US/EUROPE- Private equity firm Warburg Pincus has announced that its WP VIII fund has closed with assets of $5.3bn (€5.9bn), a figure it claims is a “considerable accomplishment” in light of the volatile economic climate and consolidating private equity market.
This is the tenth fund closing since the firm started out 30 years ago and combined with the company’s $2.5bn international fund, Warburg Pincus has some $8bn to invest. “The closing of the fund allows us to focus on investing in companies at all stages of development – from venture capital start-ups to buyouts,” says Lionel Pincus, the company’s chairman and chief executive.
John Barber, a director at London-based European private equity placement agents Helix Associates, says” “this is indeed a tremendous achievement when you consider the downward turn in the PE market recently.”
The news comes after European buyout specialist firm, Cinven, recently announced that its third fund had closed with assets of €4.3bn, which was significantly above its original target of €3.5bn.

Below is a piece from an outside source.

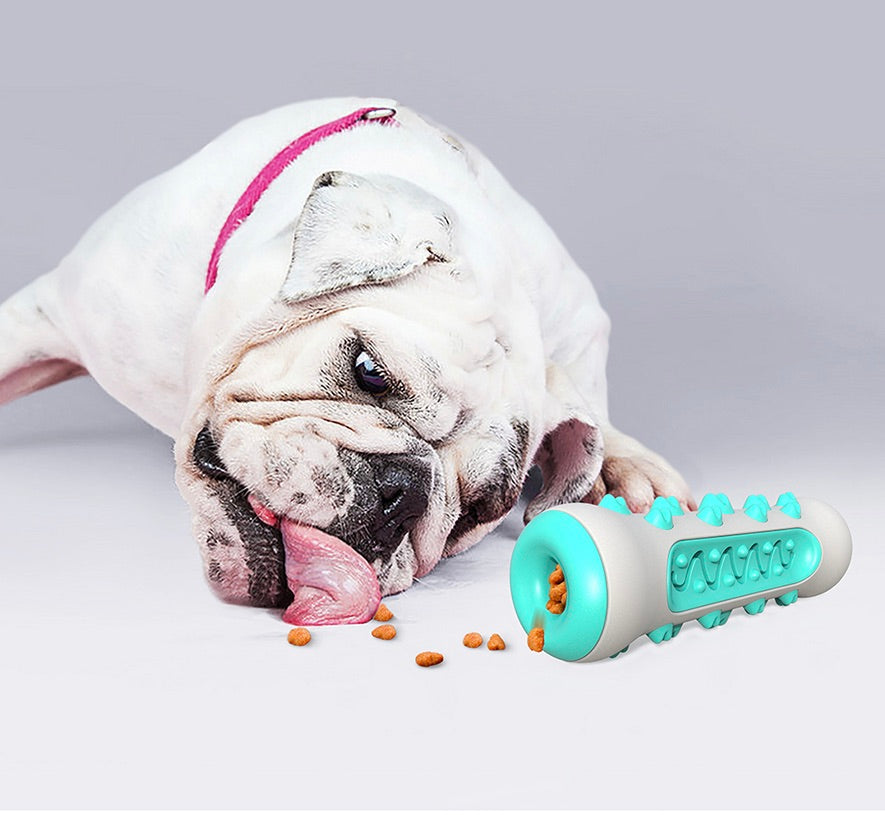 Dental Cleaning Chew Toy for Dogs – Chewly-Blue-The Livary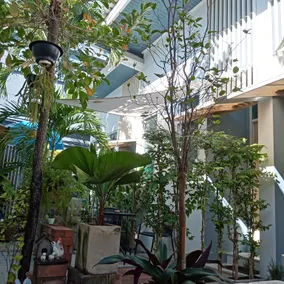 Daddy's home Huahin - Image 3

But Barber stops short of saying these positive closings are signs of a turnaround in fortunes. “I am not sure it is fair to say these results are indicative of a change of trend in the private equity market but do prove that there is still vitality in it. Investors are more discriminating these days,” he says.
“Several of the top ten US private equity companies have had to revise their fund closing expectations. Some are still closing funds with considerable amounts of money, but nothing like their original targets,” he says.